DIRECTIONS FOR THIS TASK => Repeat the stretch of entries below from the line with "Indosat: Pelanggan Bisa" through the line with "Wadi Rum Galaxy Camp Esterno foto". Include both ends and add nothing.

━━━━━━━━━━━━━━━━━━━━━━━━━━━━━━

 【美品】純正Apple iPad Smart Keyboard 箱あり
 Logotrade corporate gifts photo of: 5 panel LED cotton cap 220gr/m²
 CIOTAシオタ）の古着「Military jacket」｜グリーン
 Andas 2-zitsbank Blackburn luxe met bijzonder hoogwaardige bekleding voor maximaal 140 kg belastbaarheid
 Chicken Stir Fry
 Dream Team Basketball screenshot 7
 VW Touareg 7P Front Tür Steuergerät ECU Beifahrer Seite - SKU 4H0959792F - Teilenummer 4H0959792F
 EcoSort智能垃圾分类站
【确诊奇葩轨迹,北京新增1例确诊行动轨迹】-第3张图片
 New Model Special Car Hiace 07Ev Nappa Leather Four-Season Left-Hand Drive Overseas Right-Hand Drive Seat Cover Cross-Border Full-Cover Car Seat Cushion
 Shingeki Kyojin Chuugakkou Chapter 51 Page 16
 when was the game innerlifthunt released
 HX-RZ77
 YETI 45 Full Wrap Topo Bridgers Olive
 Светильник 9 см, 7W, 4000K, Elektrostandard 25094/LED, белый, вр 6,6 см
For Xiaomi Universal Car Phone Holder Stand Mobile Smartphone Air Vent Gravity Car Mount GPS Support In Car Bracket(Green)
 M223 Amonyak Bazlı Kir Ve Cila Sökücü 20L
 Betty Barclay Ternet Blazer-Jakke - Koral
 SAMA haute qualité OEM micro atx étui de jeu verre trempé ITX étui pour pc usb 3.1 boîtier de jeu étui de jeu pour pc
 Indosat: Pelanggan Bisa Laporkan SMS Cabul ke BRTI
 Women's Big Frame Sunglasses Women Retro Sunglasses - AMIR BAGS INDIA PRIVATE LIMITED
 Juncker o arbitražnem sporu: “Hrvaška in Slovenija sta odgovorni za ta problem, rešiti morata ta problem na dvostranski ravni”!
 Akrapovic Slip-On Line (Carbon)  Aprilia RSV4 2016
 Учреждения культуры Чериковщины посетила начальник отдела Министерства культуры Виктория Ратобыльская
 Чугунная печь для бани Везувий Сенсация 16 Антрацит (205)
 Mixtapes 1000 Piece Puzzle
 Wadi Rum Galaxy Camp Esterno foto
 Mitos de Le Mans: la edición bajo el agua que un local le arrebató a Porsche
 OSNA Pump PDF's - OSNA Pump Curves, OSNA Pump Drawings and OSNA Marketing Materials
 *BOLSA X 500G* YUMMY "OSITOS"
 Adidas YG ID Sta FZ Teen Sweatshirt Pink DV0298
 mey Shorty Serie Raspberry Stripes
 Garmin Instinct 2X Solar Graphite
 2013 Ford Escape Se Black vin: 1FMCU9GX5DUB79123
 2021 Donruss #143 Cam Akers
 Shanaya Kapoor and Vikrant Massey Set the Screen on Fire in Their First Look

━━━━━━━━━━━━━━━━━━━━━━━━━━━━━━

RESPONSE AREA =>
 Indosat: Pelanggan Bisa Laporkan SMS Cabul ke BRTI
 Women's Big Frame Sunglasses Women Retro Sunglasses - AMIR BAGS INDIA PRIVATE LIMITED
 Juncker o arbitražnem sporu: “Hrvaška in Slovenija sta odgovorni za ta problem, rešiti morata ta problem na dvostranski ravni”!
 Akrapovic Slip-On Line (Carbon)  Aprilia RSV4 2016
 Учреждения культуры Чериковщины посетила начальник отдела Министерства культуры Виктория Ратобыльская
 Чугунная печь для бани Везувий Сенсация 16 Антрацит (205)
 Mixtapes 1000 Piece Puzzle
 Wadi Rum Galaxy Camp Esterno foto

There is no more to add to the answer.